Segregation of the mills and its eventual end

Though the mills were reserved for white employees for much of the twentieth century, by the early 1970s, African Americans began resigning their positions as domestics and menial laborers in exchange for mill employment. Durham discusses the changes in the racial characteristics of the mills.

Citing this Excerpt

Oral History Interview with Frank Durham, September 10 and 17, 1979. Interview H-0067. Southern Oral History Program Collection (#4007) in the Southern Oral History Program Collection, Southern Historical Collection, Wilson Library, University of North Carolina at Chapel Hill.

Full Text of the Excerpt

DOUGLAS DENATALE:
Was there enough housing in the village for people that moved in?

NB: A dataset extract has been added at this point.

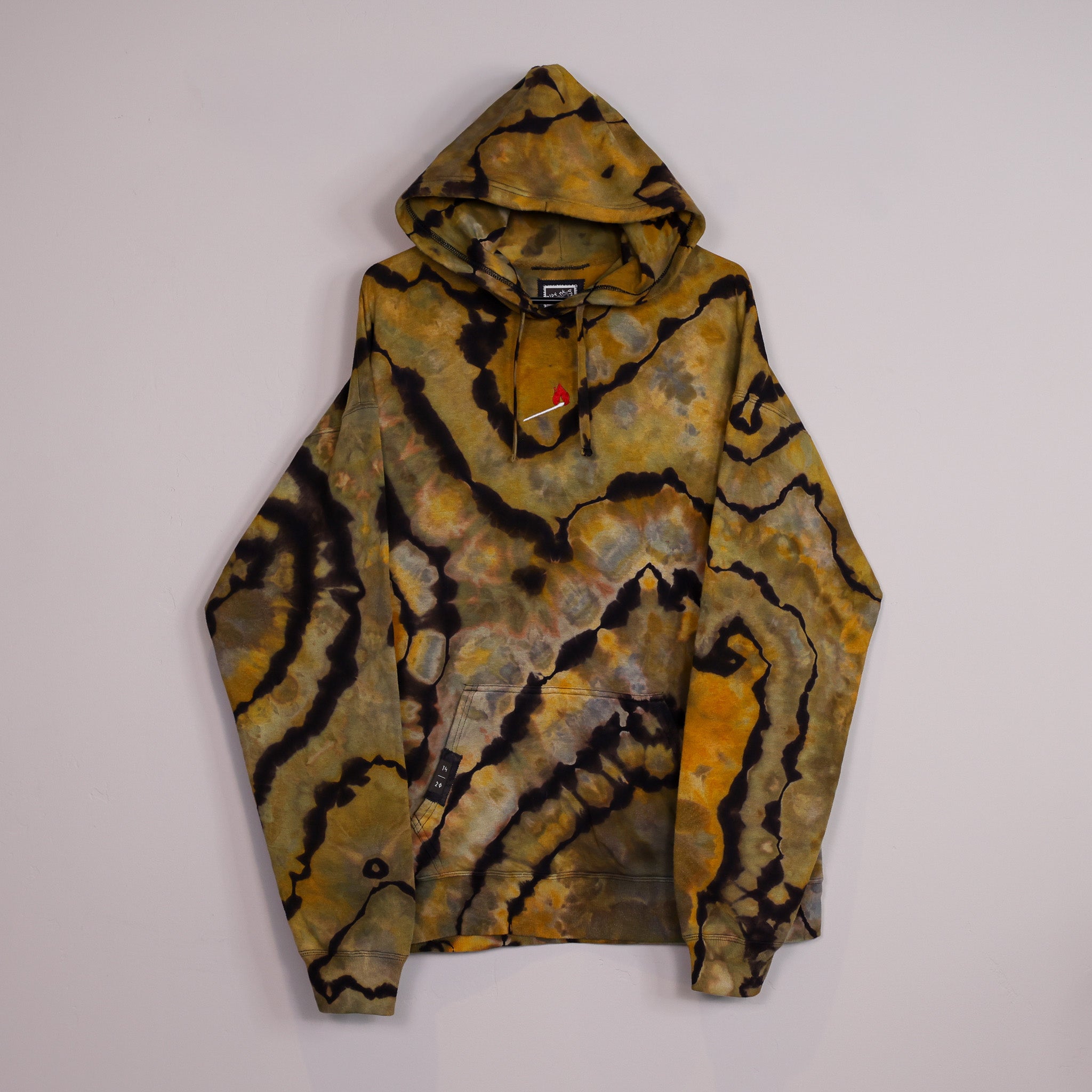 14/20 PEAK CAMO - Ride Me Dyes Hoodie (L)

Did they ever have to build more houses on the hill?
FRANK DURHAM:
There was [enough], but they just wouldn't take but so many. If you lived in a mill house, you'd have to work in the mill. Because they near about furnished them for nothing. Near about nothing. And they had to have their own help in there then. Now they're not. They don't belong to the help. They belong to the folks that live in them, and there are not many of them over there that even work in the mill now. They come from out in the country, and a whole lot of them's colored now. Along then there wasn't any colored in the mill at all, for years. Just about since '72 and '3 and along there, they started getting in a few , which was a good thing for them and the mill, too, a lot of it. It got where you couldn't get white help.
DOUGLAS DENATALE:
What about for the people that lived here? Did any of them lose their jobs when colored people came into the mill?
FRANK DURHAM:
No. No, they'd gone somewhere else. Yes, most of them had gone. No. They just hired colored people when they needed them. If they had white folks for it and they was on it, they didn't lay them off to . But they began to hire them because the government wanted you to have a certain percentage of black, if you got government orders, do any government business. I expect they have fifty percent or more who are black now; I know they are, although I haven't been in the mill in a pretty good while. But the third shift's seventy-five percent black, I expect. But they're doing all right. If they don't, they would lay them off and get somebody else. Some of them's good help, real good.